PROVIDED DATA
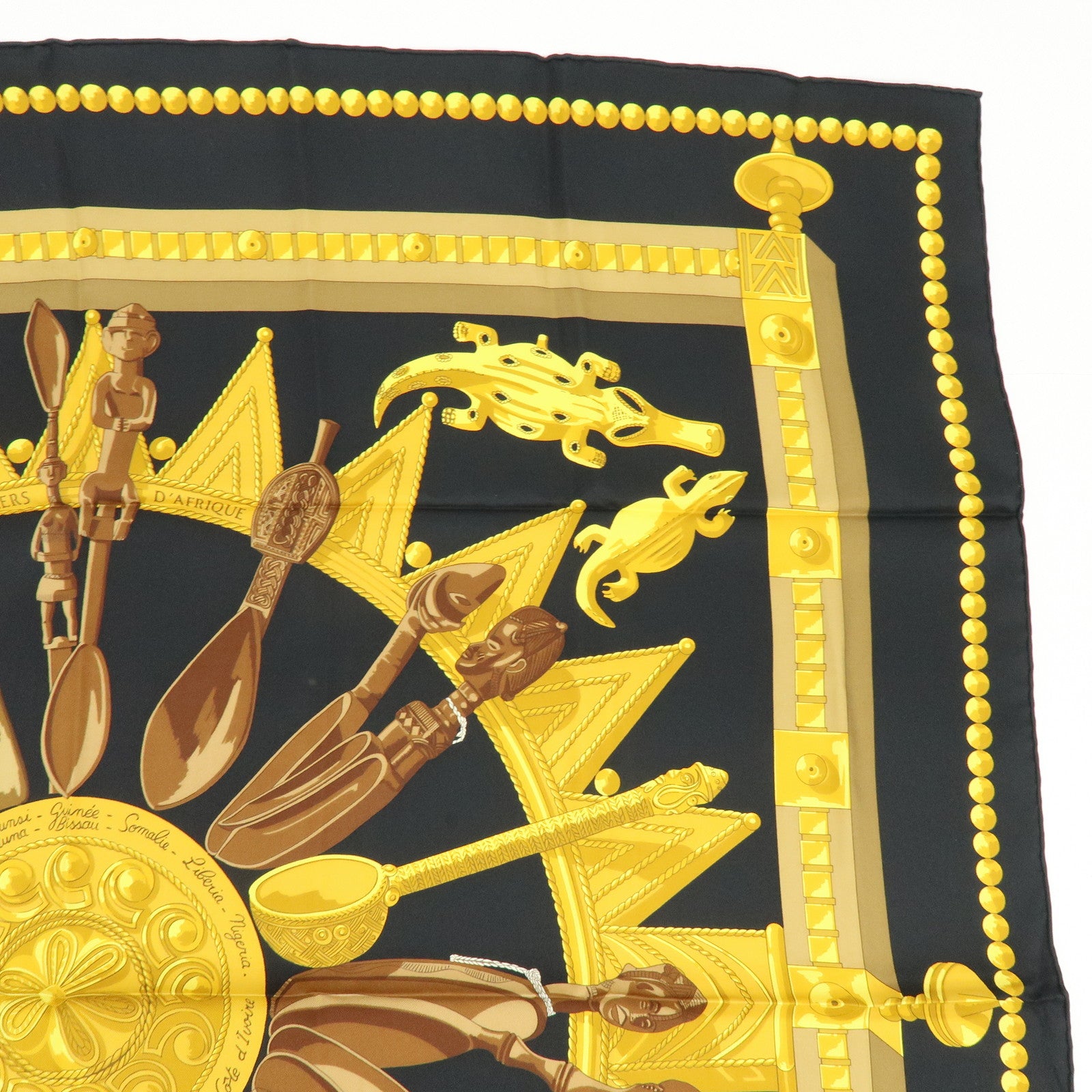 HERMES Carre 90 Silk 100% Scarf CUILLERS D'AFRIQUE Black Gold Brown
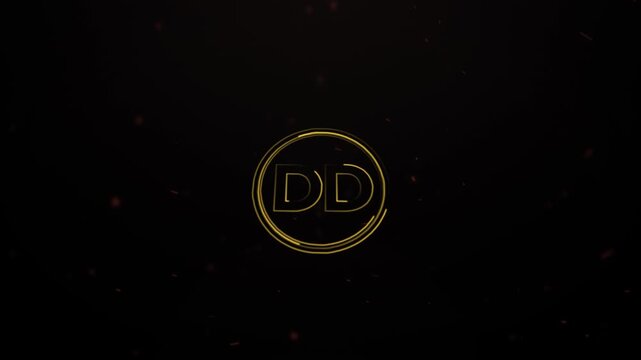 DD Golden Letter Logo Animation Elegant Design
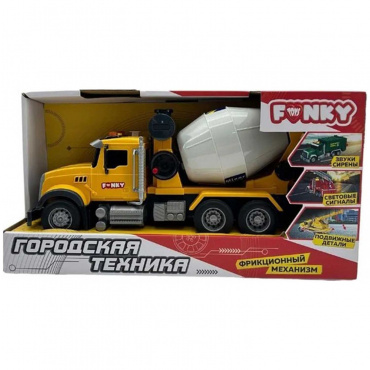 FT1202613 Игрушка "Городская техника" желт. фрикц. машина бетоносмеситель,32см, свет, зв, Funky Toys FT1202613 Игрушка "Городская техника" желт. фрикц. машина бетоносмеситель,32см, свет, зв, Funky Toys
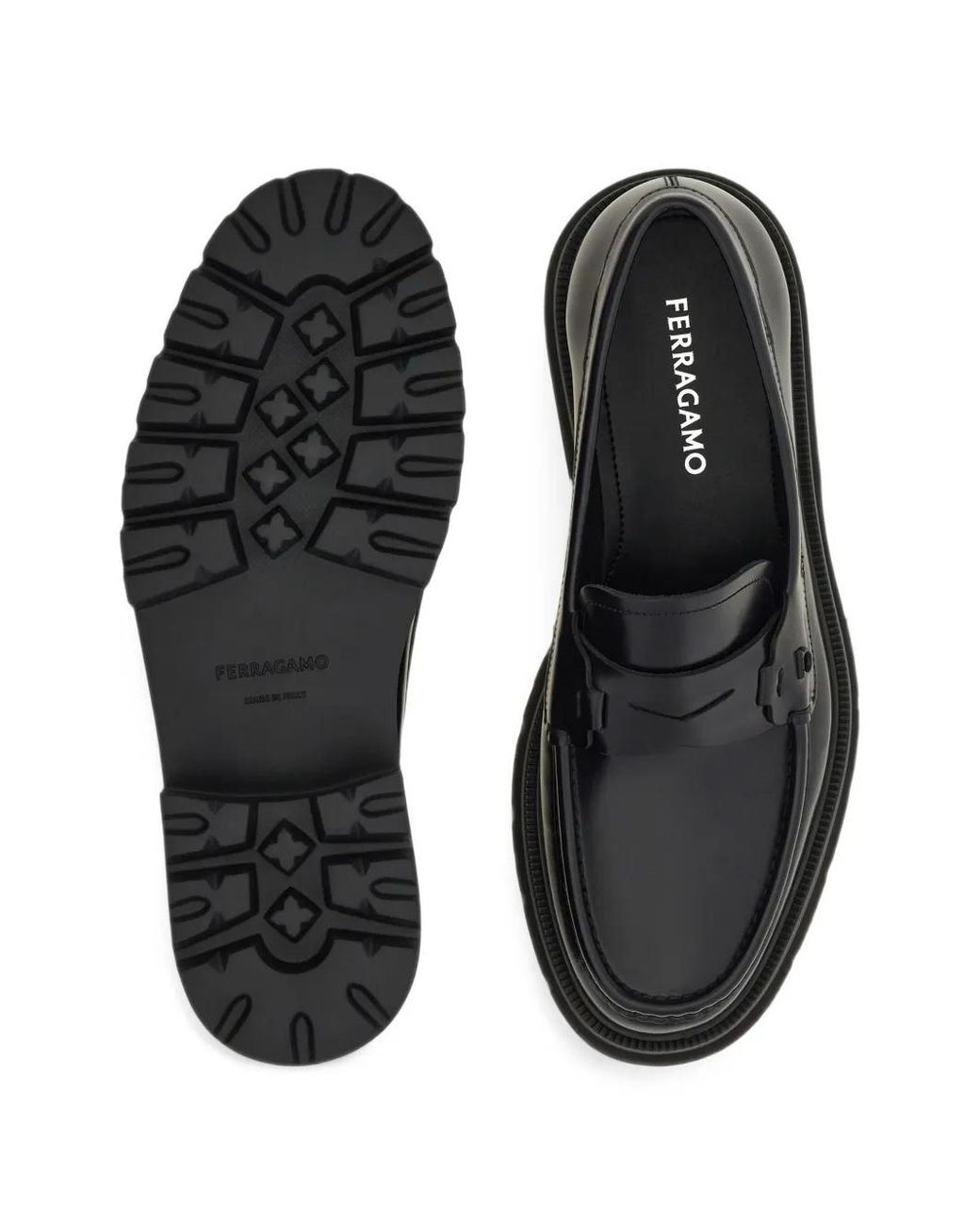Ferragamo Black Penny Loafer With Chunky Tread for men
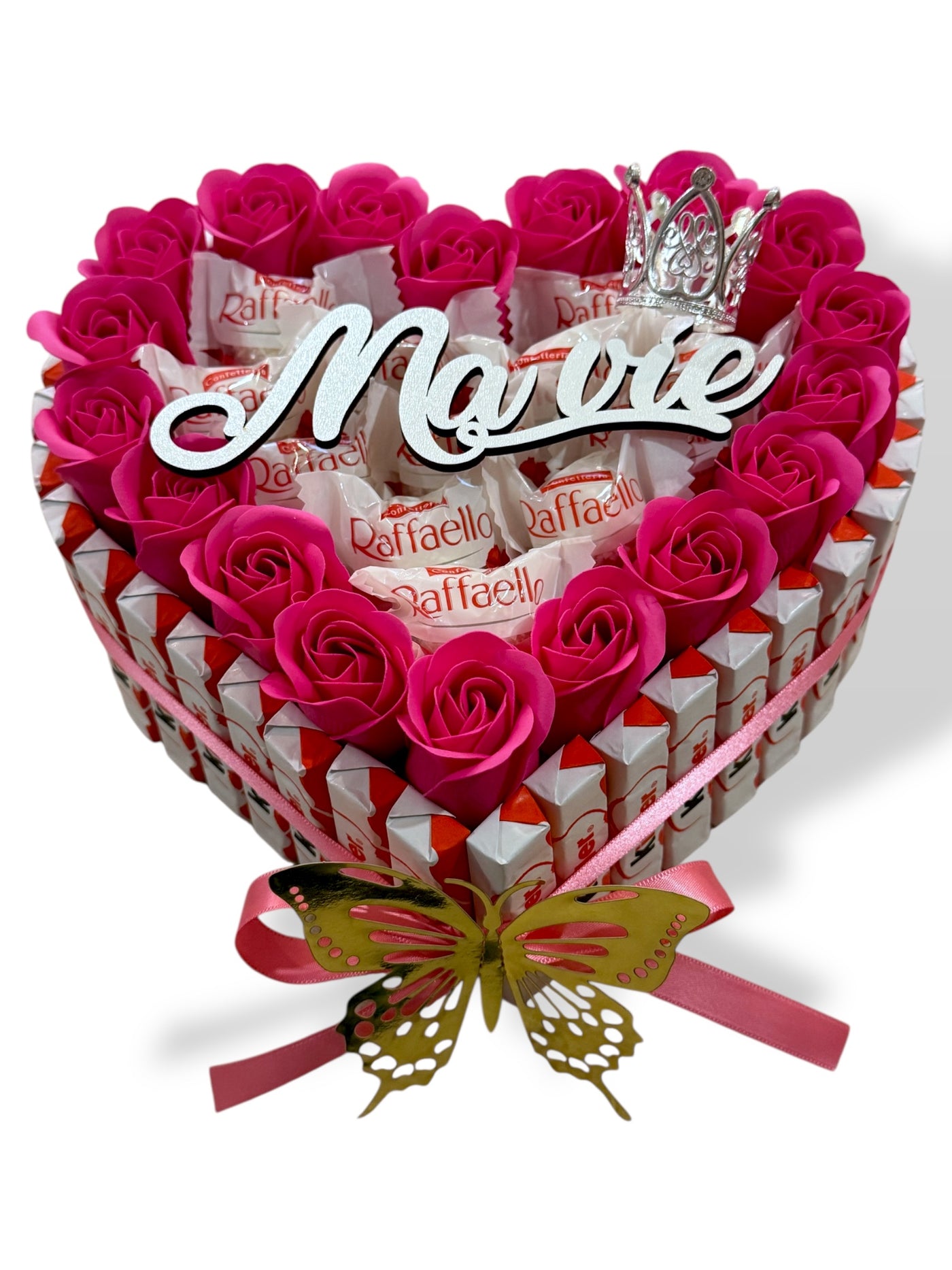 Coffret cœur gourmand Raffaello & roses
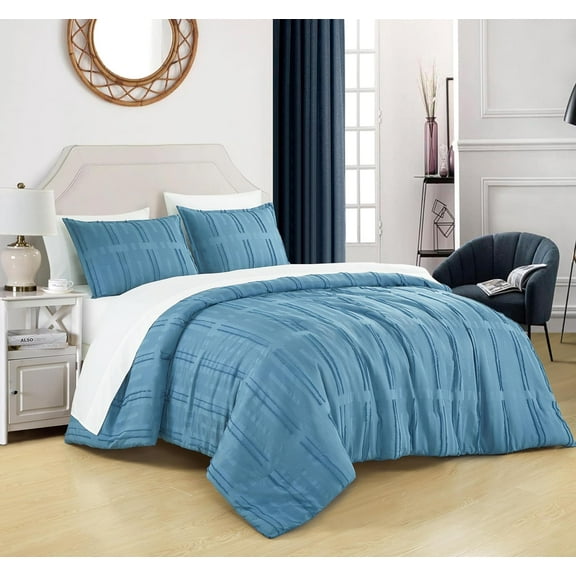 Chezmoi Collection Brady Blue Clip Jacquard Geometric 7-Piece Bed in a Bag Comforter Set, Queen, Striped Pattern Waffle Textured Bedding with Sheets Set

EXERCISE INSTRUCTIONS
Write out each entry exactly; any pictures stay out of the copy.

TASK ANSWER
 HERMES Carre 90 Silk 100% Scarf CUILLERS D'AFRIQUE Black Gold Brown
 DD Golden Letter Logo Animation Elegant Design
 FT1202613 Игрушка "Городская техника" желт. фрикц. машина бетоносмеситель,32см, свет, зв, Funky Toys FT1202613 Игрушка "Городская техника" желт. фрикц. машина бетоносмеситель,32см, свет, зв, Funky Toys
Ferragamo Black Penny Loafer With Chunky Tread for men
 Coffret cœur gourmand Raffaello & roses
 Chezmoi Collection Brady Blue Clip Jacquard Geometric 7-Piece Bed in a Bag Comforter Set, Queen, Striped Pattern Waffle Textured Bedding with Sheets Set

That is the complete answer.